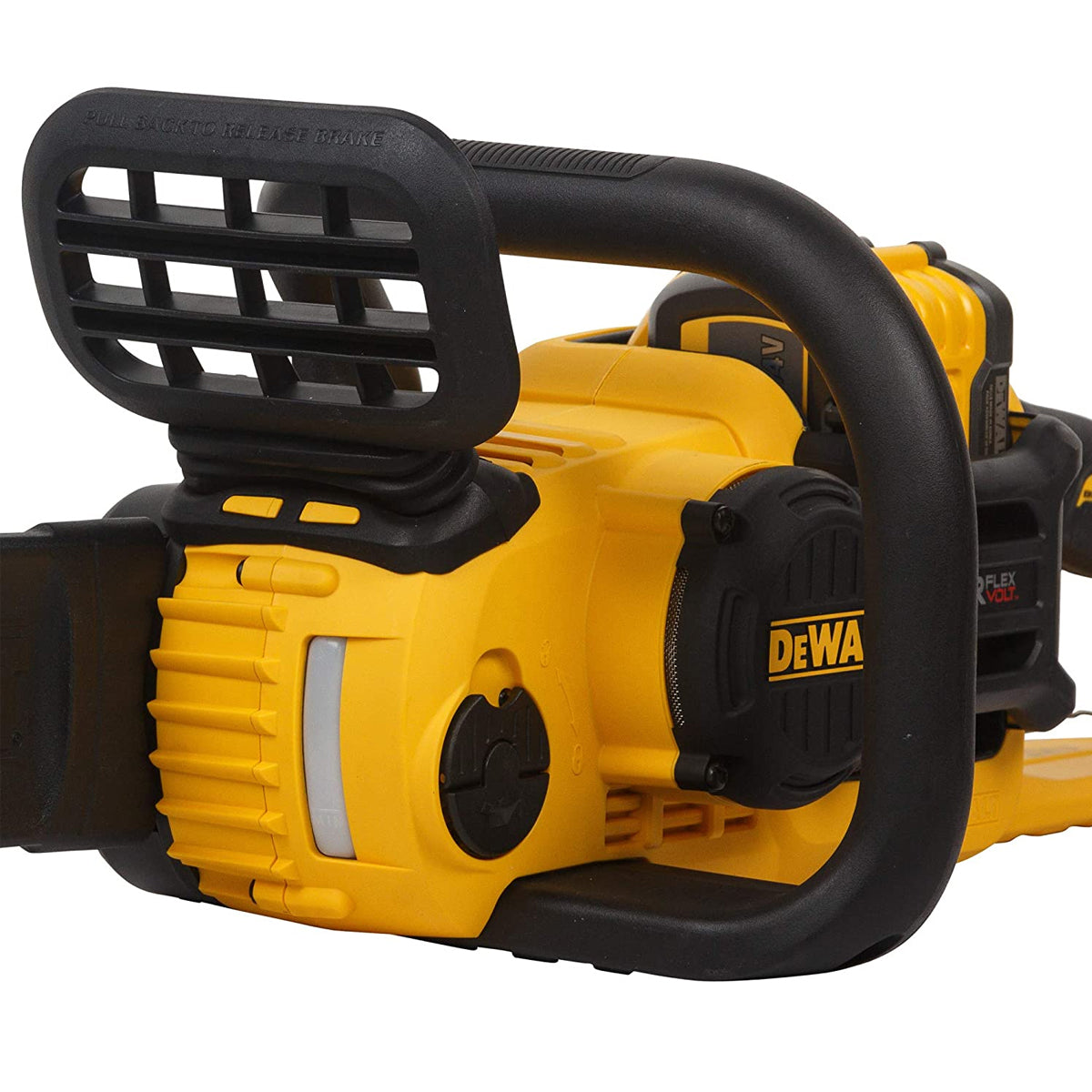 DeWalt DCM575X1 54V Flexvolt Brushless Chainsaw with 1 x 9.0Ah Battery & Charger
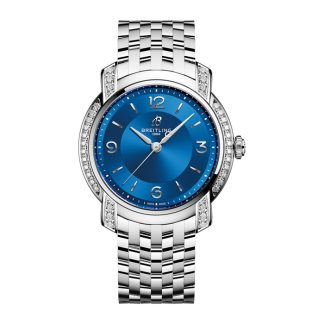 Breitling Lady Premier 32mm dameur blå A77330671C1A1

==

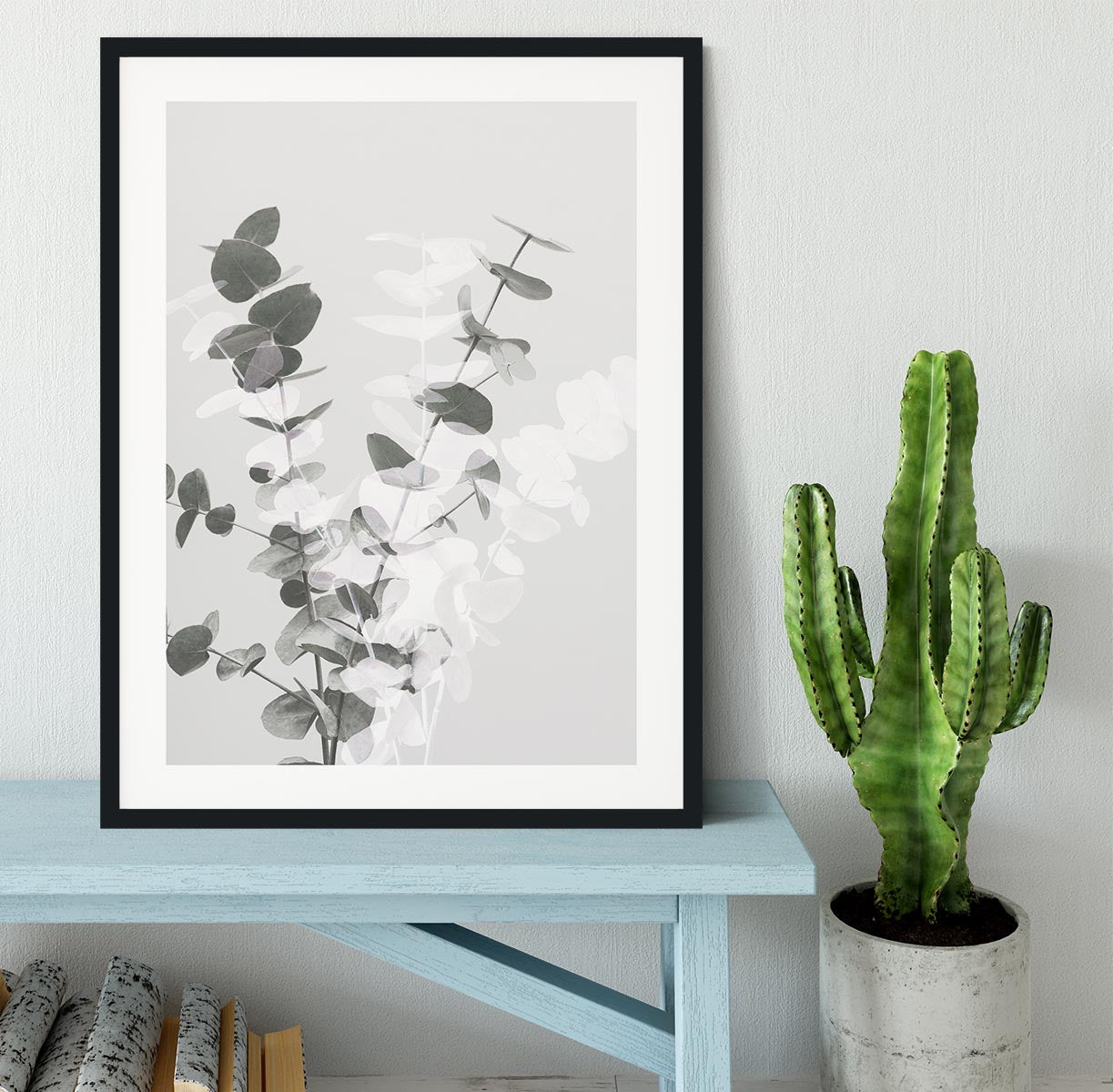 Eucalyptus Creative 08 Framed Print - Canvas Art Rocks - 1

_What you have to do_
Starting at the line with "DeWalt DCM575X1 54V" and finishing at the line with "Breitling Lady Premier", copy the material above exactly, both lines included. Nothing else goes in, and no pictures.

_Result of this exercise_
 DeWalt DCM575X1 54V Flexvolt Brushless Chainsaw with 1 x 9.0Ah Battery & Charger
 Breitling Lady Premier 32mm dameur blå A77330671C1A1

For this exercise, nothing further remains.